(RECORDS SUPPLIED begins)

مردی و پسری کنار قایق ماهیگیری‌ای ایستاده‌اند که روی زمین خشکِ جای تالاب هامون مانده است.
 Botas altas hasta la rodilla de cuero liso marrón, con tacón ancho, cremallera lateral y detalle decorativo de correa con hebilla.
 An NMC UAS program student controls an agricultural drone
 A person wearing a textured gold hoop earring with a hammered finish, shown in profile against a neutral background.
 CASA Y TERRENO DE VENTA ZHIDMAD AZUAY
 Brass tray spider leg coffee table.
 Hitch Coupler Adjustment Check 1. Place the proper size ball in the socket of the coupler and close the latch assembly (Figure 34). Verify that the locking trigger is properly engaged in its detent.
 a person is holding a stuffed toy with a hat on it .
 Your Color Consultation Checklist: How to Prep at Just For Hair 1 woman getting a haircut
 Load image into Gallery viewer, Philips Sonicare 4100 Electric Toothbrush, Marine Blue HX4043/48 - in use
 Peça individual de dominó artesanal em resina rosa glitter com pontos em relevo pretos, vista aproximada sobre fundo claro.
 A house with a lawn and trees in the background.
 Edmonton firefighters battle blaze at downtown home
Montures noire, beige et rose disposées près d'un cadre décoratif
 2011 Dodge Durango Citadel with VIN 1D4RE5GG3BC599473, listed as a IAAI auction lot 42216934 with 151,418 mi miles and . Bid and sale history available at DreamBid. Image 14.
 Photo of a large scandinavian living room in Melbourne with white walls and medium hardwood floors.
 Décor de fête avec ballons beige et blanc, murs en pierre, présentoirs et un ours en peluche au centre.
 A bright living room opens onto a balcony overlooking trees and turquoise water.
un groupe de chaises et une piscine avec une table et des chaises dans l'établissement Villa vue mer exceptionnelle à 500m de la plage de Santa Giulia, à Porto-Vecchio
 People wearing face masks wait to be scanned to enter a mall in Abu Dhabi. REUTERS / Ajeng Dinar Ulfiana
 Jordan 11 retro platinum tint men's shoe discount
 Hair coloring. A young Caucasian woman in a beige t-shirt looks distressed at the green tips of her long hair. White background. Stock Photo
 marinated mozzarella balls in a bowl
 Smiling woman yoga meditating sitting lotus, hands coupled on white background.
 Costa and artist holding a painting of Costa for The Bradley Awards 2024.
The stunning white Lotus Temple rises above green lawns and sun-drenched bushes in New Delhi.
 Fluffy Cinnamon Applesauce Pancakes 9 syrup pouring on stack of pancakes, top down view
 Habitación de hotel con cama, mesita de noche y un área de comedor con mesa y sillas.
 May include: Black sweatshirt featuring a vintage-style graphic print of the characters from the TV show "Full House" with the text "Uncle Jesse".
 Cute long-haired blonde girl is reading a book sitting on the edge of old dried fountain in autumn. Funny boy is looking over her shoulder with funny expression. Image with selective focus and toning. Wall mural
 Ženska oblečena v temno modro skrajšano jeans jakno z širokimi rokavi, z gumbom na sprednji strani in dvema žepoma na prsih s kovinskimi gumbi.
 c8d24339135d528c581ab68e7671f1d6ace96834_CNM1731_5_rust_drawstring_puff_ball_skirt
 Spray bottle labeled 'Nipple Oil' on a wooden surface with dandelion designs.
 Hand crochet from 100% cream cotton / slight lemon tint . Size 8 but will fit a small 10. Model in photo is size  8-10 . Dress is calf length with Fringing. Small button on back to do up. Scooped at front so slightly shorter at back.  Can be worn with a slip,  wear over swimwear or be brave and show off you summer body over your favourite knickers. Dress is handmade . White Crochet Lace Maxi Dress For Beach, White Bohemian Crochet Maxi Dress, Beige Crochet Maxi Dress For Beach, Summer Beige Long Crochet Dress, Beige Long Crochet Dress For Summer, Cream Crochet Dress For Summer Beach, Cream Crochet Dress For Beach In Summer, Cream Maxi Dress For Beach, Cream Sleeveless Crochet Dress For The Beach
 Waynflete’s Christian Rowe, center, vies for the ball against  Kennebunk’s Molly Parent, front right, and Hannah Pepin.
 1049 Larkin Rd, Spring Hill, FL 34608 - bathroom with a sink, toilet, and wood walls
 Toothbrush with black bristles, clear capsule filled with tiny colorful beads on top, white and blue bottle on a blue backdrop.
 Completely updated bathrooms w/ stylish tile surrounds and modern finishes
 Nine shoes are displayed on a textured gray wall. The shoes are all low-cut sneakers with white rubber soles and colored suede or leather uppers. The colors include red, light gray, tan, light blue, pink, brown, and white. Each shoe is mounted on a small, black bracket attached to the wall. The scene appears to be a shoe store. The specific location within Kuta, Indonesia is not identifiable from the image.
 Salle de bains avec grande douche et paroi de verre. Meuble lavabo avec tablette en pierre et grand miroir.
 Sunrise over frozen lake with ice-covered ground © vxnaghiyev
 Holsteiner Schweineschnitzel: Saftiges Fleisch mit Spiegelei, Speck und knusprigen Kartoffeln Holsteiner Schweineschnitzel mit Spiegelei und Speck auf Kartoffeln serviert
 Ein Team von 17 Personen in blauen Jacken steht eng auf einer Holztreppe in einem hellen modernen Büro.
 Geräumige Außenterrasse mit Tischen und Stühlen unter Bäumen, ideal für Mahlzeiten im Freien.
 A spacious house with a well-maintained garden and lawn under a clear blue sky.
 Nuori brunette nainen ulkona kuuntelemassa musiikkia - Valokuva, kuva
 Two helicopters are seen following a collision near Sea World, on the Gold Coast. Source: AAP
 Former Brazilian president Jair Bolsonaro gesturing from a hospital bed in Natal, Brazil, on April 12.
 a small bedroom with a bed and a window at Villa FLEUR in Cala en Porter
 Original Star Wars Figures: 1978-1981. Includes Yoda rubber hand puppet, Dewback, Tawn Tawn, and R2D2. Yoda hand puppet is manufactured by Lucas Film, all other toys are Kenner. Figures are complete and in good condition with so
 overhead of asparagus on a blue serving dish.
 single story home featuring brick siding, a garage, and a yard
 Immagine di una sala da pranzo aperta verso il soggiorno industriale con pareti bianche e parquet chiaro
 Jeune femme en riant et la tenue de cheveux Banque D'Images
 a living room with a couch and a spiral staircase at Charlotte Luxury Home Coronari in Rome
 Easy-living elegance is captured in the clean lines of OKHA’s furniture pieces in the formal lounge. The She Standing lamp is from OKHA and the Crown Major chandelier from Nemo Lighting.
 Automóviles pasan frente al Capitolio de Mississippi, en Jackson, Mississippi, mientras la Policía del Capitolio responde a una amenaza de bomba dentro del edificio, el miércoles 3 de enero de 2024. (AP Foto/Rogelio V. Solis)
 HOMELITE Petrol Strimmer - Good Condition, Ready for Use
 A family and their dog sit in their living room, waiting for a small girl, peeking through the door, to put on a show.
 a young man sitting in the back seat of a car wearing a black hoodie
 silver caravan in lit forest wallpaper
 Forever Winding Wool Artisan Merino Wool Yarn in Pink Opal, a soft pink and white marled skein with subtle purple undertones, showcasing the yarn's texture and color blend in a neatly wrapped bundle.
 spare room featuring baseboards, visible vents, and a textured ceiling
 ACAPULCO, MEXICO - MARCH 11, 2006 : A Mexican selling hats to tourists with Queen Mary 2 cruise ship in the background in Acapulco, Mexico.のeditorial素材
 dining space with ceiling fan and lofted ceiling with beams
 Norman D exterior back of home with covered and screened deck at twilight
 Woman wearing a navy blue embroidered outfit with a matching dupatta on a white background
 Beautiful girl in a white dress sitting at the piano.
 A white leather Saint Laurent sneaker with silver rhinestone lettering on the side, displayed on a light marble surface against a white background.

(RECORDS SUPPLIED ends)

# WORK TO BE COMPLETED
Transcribe, word for word, every line from the one containing "A family and" through the final line of the entries, and nothing else.

# THE ANSWER
 A family and their dog sit in their living room, waiting for a small girl, peeking through the door, to put on a show.
 a young man sitting in the back seat of a car wearing a black hoodie
 silver caravan in lit forest wallpaper
 Forever Winding Wool Artisan Merino Wool Yarn in Pink Opal, a soft pink and white marled skein with subtle purple undertones, showcasing the yarn's texture and color blend in a neatly wrapped bundle.
 spare room featuring baseboards, visible vents, and a textured ceiling
 ACAPULCO, MEXICO - MARCH 11, 2006 : A Mexican selling hats to tourists with Queen Mary 2 cruise ship in the background in Acapulco, Mexico.のeditorial素材
 dining space with ceiling fan and lofted ceiling with beams
 Norman D exterior back of home with covered and screened deck at twilight
 Woman wearing a navy blue embroidered outfit with a matching dupatta on a white background
 Beautiful girl in a white dress sitting at the piano.
 A white leather Saint Laurent sneaker with silver rhinestone lettering on the side, displayed on a light marble surface against a white background.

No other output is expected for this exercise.